## Exercise goal
For each record here, output an exact copy.

## Data for processing
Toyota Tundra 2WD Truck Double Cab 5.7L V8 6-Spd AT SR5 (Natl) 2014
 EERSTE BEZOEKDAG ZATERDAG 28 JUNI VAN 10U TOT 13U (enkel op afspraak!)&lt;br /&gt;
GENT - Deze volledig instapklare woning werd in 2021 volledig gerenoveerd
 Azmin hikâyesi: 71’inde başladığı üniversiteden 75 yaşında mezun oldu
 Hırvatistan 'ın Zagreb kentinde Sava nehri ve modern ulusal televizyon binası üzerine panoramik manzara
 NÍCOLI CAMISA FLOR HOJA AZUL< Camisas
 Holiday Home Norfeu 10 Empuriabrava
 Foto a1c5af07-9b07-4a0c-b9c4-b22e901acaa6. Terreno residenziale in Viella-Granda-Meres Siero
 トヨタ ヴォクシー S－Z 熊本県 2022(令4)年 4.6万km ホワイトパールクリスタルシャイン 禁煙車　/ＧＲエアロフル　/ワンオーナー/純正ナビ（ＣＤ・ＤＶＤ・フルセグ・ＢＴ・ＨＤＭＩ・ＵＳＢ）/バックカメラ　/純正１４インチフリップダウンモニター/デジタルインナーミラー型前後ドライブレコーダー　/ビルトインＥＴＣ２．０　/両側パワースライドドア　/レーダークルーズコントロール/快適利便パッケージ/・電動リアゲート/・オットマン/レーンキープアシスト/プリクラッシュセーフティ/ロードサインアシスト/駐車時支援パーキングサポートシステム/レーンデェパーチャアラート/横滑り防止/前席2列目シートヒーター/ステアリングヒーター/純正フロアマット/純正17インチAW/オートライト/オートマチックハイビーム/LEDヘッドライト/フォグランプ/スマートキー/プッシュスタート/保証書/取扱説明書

## Solution
Toyota Tundra 2WD Truck Double Cab 5.7L V8 6-Spd AT SR5 (Natl) 2014
 EERSTE BEZOEKDAG ZATERDAG 28 JUNI VAN 10U TOT 13U (enkel op afspraak!)&lt;br /&gt;
GENT - Deze volledig instapklare woning werd in 2021 volledig gerenoveerd
 Azmin hikâyesi: 71’inde başladığı üniversiteden 75 yaşında mezun oldu
 Hırvatistan 'ın Zagreb kentinde Sava nehri ve modern ulusal televizyon binası üzerine panoramik manzara
 NÍCOLI CAMISA FLOR HOJA AZUL< Camisas
 Holiday Home Norfeu 10 Empuriabrava
 Foto a1c5af07-9b07-4a0c-b9c4-b22e901acaa6. Terreno residenziale in Viella-Granda-Meres Siero
 トヨタ ヴォクシー S－Z 熊本県 2022(令4)年 4.6万km ホワイトパールクリスタルシャイン 禁煙車　/ＧＲエアロフル　/ワンオーナー/純正ナビ（ＣＤ・ＤＶＤ・フルセグ・ＢＴ・ＨＤＭＩ・ＵＳＢ）/バックカメラ　/純正１４インチフリップダウンモニター/デジタルインナーミラー型前後ドライブレコーダー　/ビルトインＥＴＣ２．０　/両側パワースライドドア　/レーダークルーズコントロール/快適利便パッケージ/・電動リアゲート/・オットマン/レーンキープアシスト/プリクラッシュセーフティ/ロードサインアシスト/駐車時支援パーキングサポートシステム/レーンデェパーチャアラート/横滑り防止/前席2列目シートヒーター/ステアリングヒーター/純正フロアマット/純正17インチAW/オートライト/オートマチックハイビーム/LEDヘッドライト/フォグランプ/スマートキー/プッシュスタート/保証書/取扱説明書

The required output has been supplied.